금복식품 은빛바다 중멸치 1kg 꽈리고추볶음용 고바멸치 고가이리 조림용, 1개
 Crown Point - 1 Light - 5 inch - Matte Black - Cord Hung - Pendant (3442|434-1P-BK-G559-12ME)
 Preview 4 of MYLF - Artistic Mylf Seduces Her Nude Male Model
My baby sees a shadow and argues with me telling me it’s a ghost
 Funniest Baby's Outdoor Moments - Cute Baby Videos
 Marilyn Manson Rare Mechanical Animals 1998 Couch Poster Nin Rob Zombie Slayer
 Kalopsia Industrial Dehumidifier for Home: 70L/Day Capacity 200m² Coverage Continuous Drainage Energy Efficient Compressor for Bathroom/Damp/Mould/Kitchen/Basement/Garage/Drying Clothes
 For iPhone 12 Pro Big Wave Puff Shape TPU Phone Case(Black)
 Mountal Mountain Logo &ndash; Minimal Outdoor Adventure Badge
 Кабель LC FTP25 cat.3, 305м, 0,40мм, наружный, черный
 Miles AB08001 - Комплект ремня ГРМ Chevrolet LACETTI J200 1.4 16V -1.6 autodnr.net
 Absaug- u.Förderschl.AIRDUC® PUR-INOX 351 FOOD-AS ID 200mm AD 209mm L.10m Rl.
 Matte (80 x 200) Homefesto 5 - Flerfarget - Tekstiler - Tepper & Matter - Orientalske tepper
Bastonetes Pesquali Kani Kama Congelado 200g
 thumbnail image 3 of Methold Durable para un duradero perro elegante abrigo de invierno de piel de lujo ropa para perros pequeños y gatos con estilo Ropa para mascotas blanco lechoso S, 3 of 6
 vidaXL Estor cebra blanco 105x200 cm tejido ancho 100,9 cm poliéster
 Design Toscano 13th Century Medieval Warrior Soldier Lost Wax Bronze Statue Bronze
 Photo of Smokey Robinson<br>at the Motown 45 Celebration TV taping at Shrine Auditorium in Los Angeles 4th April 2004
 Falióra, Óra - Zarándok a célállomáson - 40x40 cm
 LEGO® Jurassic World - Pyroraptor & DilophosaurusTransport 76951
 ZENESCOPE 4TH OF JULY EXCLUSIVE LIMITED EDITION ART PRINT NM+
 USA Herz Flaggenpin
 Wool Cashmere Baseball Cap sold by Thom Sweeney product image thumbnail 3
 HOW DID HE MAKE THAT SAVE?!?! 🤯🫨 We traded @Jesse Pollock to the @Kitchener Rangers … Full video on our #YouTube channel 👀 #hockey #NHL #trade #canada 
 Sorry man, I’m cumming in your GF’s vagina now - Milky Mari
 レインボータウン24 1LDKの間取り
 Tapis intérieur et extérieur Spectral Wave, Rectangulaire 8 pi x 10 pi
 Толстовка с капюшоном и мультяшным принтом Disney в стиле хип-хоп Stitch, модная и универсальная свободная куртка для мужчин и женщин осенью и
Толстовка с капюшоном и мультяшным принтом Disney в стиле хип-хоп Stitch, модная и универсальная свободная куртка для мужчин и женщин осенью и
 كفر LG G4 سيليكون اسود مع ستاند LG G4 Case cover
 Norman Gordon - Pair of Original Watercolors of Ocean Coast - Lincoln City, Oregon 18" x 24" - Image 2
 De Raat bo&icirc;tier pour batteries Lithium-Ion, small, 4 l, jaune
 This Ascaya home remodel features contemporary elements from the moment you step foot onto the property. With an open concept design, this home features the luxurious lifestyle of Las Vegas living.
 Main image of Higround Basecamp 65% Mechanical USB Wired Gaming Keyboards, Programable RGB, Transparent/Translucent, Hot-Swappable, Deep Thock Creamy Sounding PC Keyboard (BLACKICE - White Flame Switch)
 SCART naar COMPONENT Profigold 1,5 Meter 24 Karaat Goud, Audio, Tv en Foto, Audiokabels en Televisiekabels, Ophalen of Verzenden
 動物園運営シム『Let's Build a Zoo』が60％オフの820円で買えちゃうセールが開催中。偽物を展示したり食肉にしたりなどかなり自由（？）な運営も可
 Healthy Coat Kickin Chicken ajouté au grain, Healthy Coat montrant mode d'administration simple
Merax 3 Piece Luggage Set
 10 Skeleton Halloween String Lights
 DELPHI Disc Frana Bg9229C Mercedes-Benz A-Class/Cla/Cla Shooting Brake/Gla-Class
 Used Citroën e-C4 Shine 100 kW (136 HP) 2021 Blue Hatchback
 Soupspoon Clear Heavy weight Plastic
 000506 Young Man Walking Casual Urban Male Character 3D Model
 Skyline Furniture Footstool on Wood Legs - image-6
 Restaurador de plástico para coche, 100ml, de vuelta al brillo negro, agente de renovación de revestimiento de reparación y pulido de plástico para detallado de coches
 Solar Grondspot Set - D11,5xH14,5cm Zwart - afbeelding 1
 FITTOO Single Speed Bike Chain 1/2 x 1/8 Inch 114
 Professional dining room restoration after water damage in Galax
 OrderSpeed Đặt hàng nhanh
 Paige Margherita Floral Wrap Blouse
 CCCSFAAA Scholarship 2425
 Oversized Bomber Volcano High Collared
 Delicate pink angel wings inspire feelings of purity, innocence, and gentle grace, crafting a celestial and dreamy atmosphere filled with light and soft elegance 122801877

**Problem details:**
Look at the records above. Copy every line where the string "Outdoor" occurs.

**Solution for this problem:**
 Funniest Baby's Outdoor Moments - Cute Baby Videos
 Mountal Mountain Logo &ndash; Minimal Outdoor Adventure Badge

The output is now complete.